As the sun rises over Hillcrest Prep, a handful of players are already in the gym lifting weights or working on their shots. Practice for the post-graduate team starts at 9:45 a.m. sharp every day, but players are often in earlier to hone their skills.
With high school no longer restricting their practice time, basketball has become their no.1 priority. Their job now is to get college basketball programs to notice them because after this, it’s all over.
This is the end of the road.
“This is a last chance for me,” said Emeka Udenyi. “I know I have to play hard every time and make the best of my opportunity.”
Udenyi’s style of play combines his intimidating size, 6-foot-6 and 230 pounds, with his surprising grace, and punishes anyone who stand in his way. His smile lights up the room, and his booming voice echoes through the empty gym on an early Monday morning.
His story is not unlike that of many of his teammates. Udenyi was a good high school basketball player, starring on his local team and garnering mild attention and praise locally. But his college offers were lacking.
“I wasn’t getting the interest I really wanted,” said Udenyi. “I still felt like I was kind of slept on.”
Only Western Oregon and Cal State East Bay, two Division II programs, offered Udenyi scholarships. So instead of attending a less than stellar program or enrolling at a junior college, Udenyi utilized the one year of eligibility the NCAA offers high school graduates to try and improve as a player and elicit offers from more elite college programs. He bet big on himself, uprooting from Concord, California to attend Hillcrest to try and obtain that elusive Division I offer.

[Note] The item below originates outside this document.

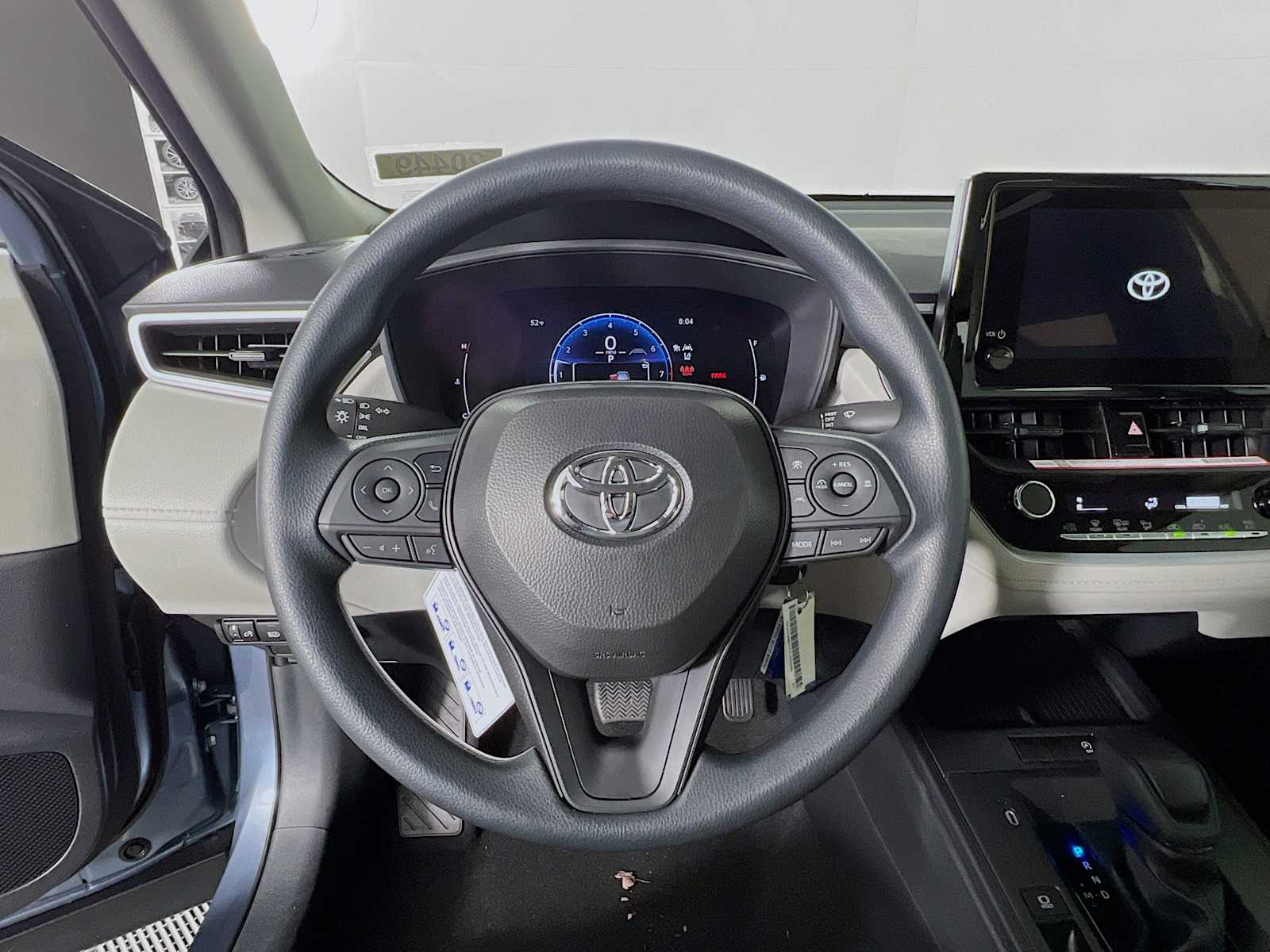 2026 Toyota Corolla Cross L - Photo 7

Other players on the team already had Division I offers when they graduated high school, but believed they were capable of more. Trevon Taylor is a lanky 6-foot-7 swingman with a funky shot that always seems to go in, and arms that stretch for miles. He received an offer from Norfolk State, a low Division I program, but instead decided to attend Hillcrest.

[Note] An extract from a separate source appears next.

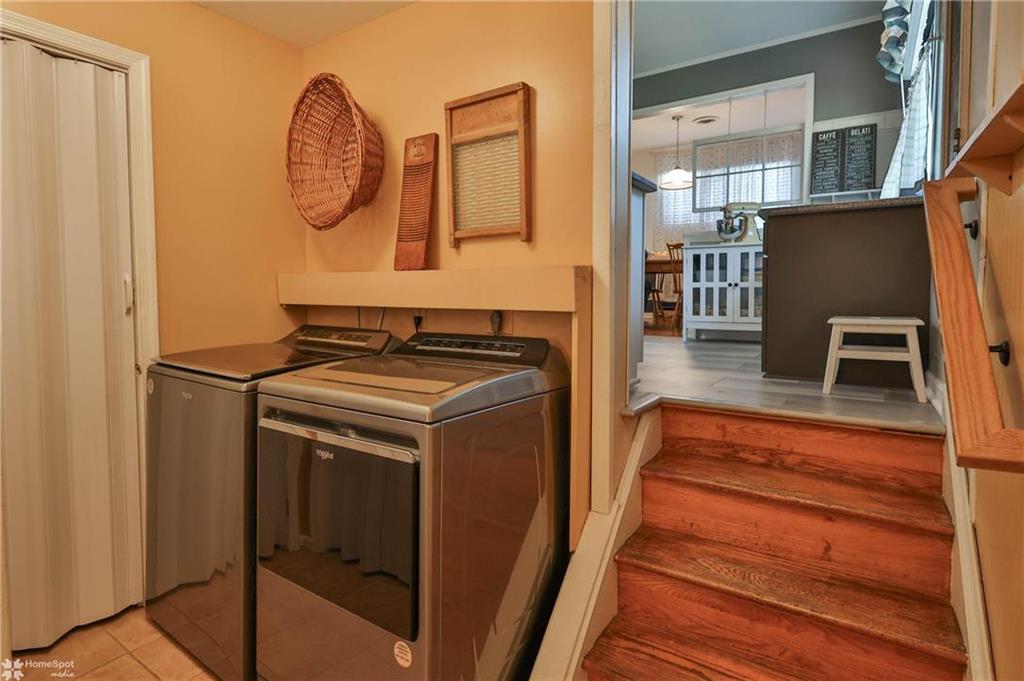 Lower Nazareth Twp, Pennsylvania 18064, United States, 3 Bedrooms Bedrooms, ,2 BathroomsBathrooms,Residential,Pending,22211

“All my coaches and my family told me if not a high major, I could be a mid-major guy so I just want to get one of those,” said Taylor.
The fundamental problem with a team of this nature is the inherent selfishness that plagues each player. Team success takes a backseat to individual success, because gaudy statistics get you noticed and impressive win-loss records don’t.
The relationship between players is more akin to coworkers than friends, as members of the team come from across the country to play for Hillcrest, stay for a year, and then jettison off to college.
Practices have a distinctly different vibe than that of a regular high school team. They’re more intense, they’re chippier, there’s less joking around and more scowling. There is a sense of desperation that shrouds the gym. Players look like grown men fighting for their lives because in reality, that’s what they are.
“We have a lot players who’s first and only objective is to score the ball,” said part time assistant coach Wayne Smith, whose son is on the team. “You look around at some of the higher levels of basketball and that seems to be all anyone cares about, so naturally it’s how these players think they’re going to get noticed.”
There are serious doubts about whether a program of this nature is beneficial to the players, or merely giving them a vehicle in which to extend their frivolous dreams of stardom.
There are success stories that emerge from teams like this, but they are few and far between. In the end, every player gets told eventually they are no longer good enough to compete at the highest level. For many of the players on this team, that moment is now.